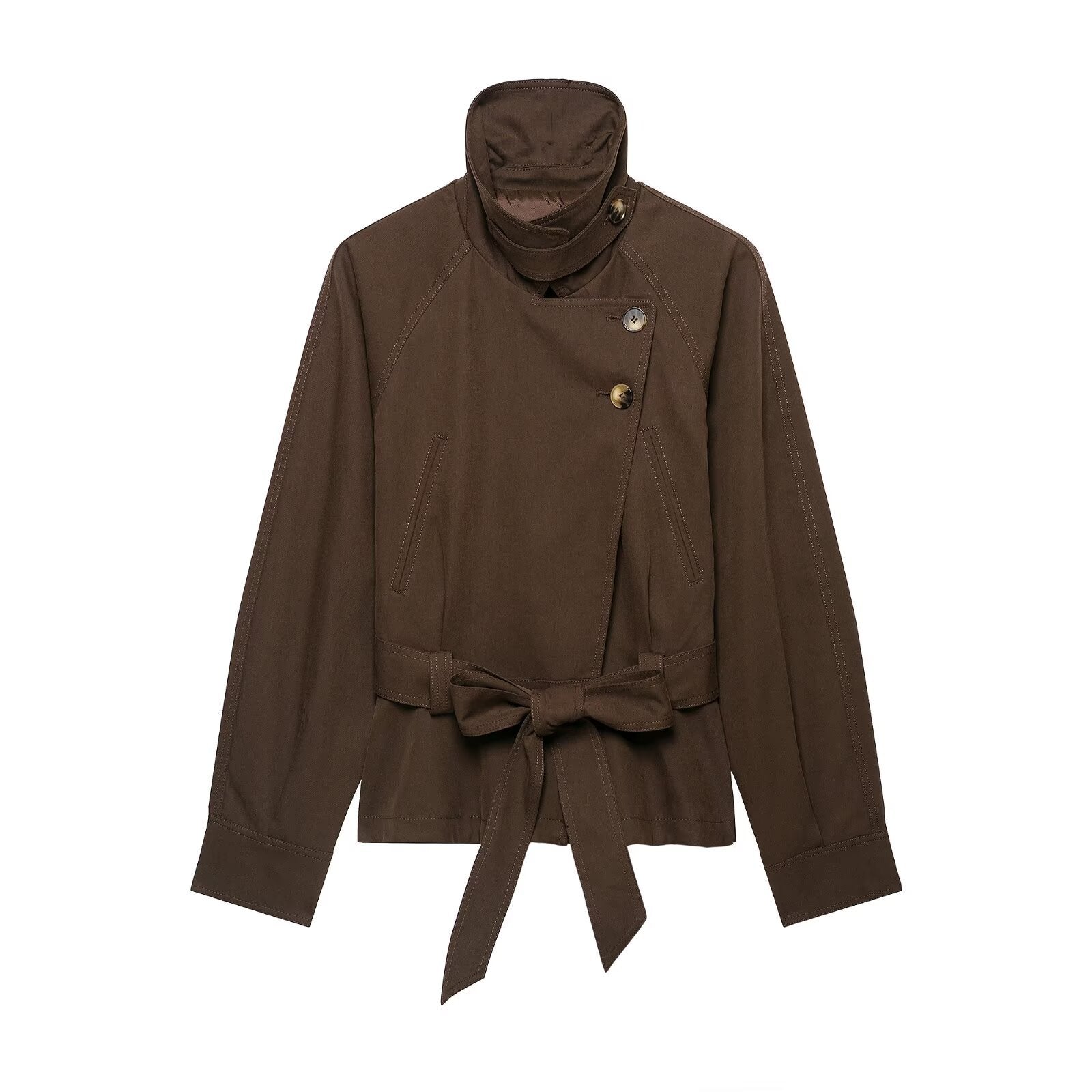 Image of Zeratta Women's dark brown stand collar trench coat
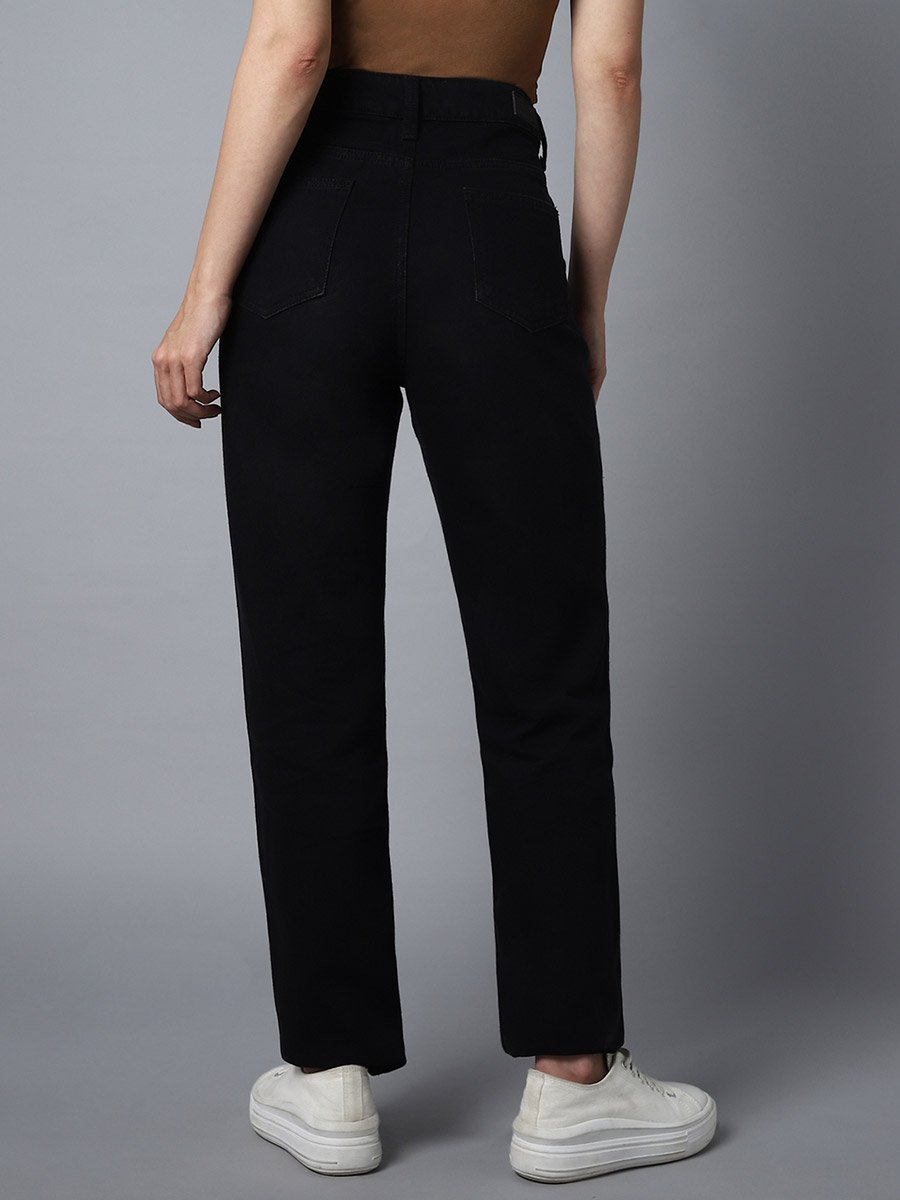 High Rise Solid Regular Fit Jeans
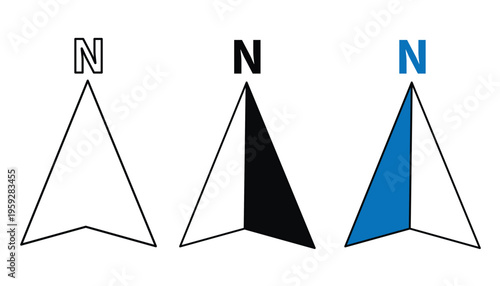 Set of compass north arrows with letter n in outline, filled, and blue variations on transparent background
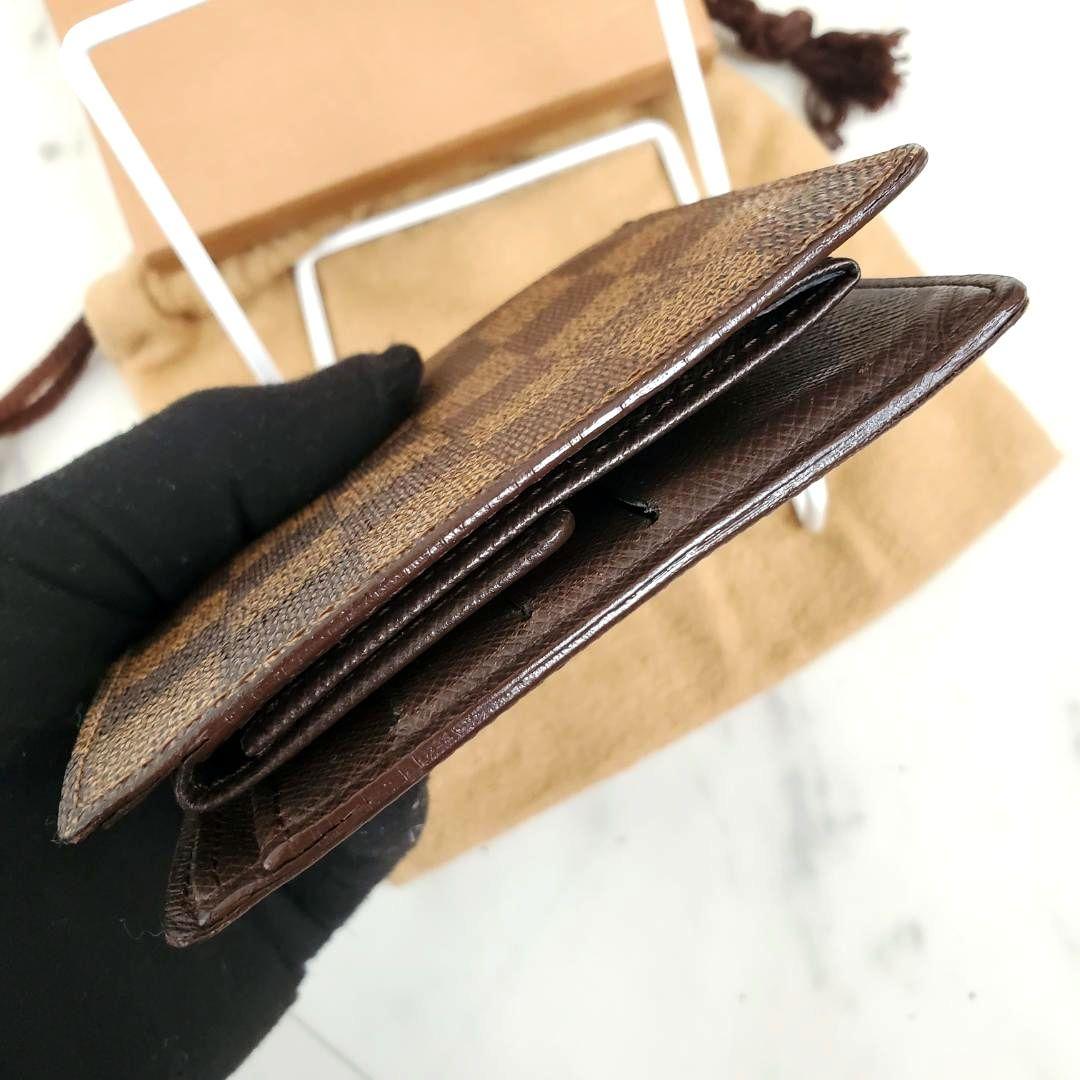 訳あり 外観美品 ルイヴィトン 二つ折り財布 ポルトフォイユ マルコ ダミエ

________

--- AIM OF THE TASK ---
Skip the pictures; extract only the lines from the line with "High Rise Solid Regular Fit Jeans" through the final line of the material, exactly as they appear.

--- WRITTEN SOLUTION ---
 High Rise Solid Regular Fit Jeans
 Set of compass north arrows with letter n in outline, filled, and blue variations on transparent background
 訳あり 外観美品 ルイヴィトン 二つ折り財布 ポルトフォイユ マルコ ダミエ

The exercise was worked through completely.